Penn. State 22, Muhlenberg 0.
Michigan 69, Case, 0.
Princeton 10, Bucknell 0.
Brown 20, R. I. Aggies 0.
Yale 21, Virginia 0.
Michigan's overwhelming of Case by the lop-sided count of 69 to 0 featured the play of the University's future football opponents in the games last Saturday. All of the teams on the Harvard schedule were victorious, but Yale, Princeton, and Brown by no means came up to the brilliant promises of the week before. Washington and Jefferson's and Tufts' easy defeats of Dickinson and Bates, respectively, showed that the next two early season games will be stubborn practice contests for the University eleven.
Michigan relied on open play against Case as against, De pauw but it was a slashing, running attack rather than a variety of forward passes that piled up the one-sided score. Behind an interference which left the field strewn with Case tacklers on each play, Coach Yost's backs went through for long gains repeatedly. On one occasion it required but two plays to take the ball over the goal line, Catlett, a former second string man, beginning his season's work with two long dashes for the second touchdown. Catlett was the pivotal point in these successful forward passes, all of which netted long gains.
The Wolverine backs made the majority of their gains on straight football, using a fake kick formation time after time to start a long skirting dash around the Case ends. The defense at the opening of the game was effective in rolling back the Case attack, but when the substitutes entered the Michigan line-up, Case made two brief, vain spurts with the aid of short forward passes.
Princeton barely nosed out a 10 to 0 victory over Bucknell on Saturday, failing to display any brilliant open offensive work or consistent defensive play. Princeton attempted the forward pass twelve times before succeeding once. Law punted steadily for great distances, once making 70 yards on a kick. Bucknell sprung a surprise by playing a savage line attack instead of the radical open game which had been anticipated. Glick was the mainstay of Princeton's attack. He several times slipped through the line outside of tackle for good gains.

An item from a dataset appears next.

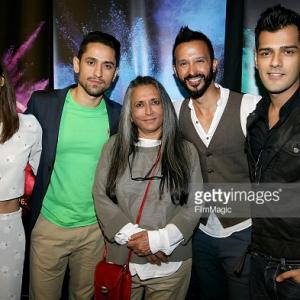 Gabe Grey attends the 2015 Toronto International Film Festival Press Conference with director Deepa Mehta and castmates Gia Sandhu Ali Momen and Ali Kazmi
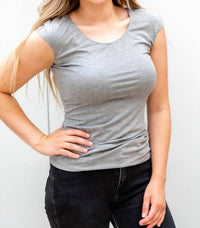 Mikarose - Layering Cap Sleeve Top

Yale's well-rounded defense made possible a victory over Virginia. Six times the southerners marched down the field to within scoring distance, but the Yale line was always able to tighten up and hold the opponents from passing the goal-posts. Virginia's strength lay in swinging runs which balked the Yale ends. The play was nearly even during the second and fourth periods, but during the first and third periods Yale scored three touchdowns, one on a forward pass.
Brown played a brilliant game against Rhode Island Agricultural College, but mistakes, particularly fumbles, slowed up their attack. Twice Brown was held for downs within ten yards of their opponent's goal.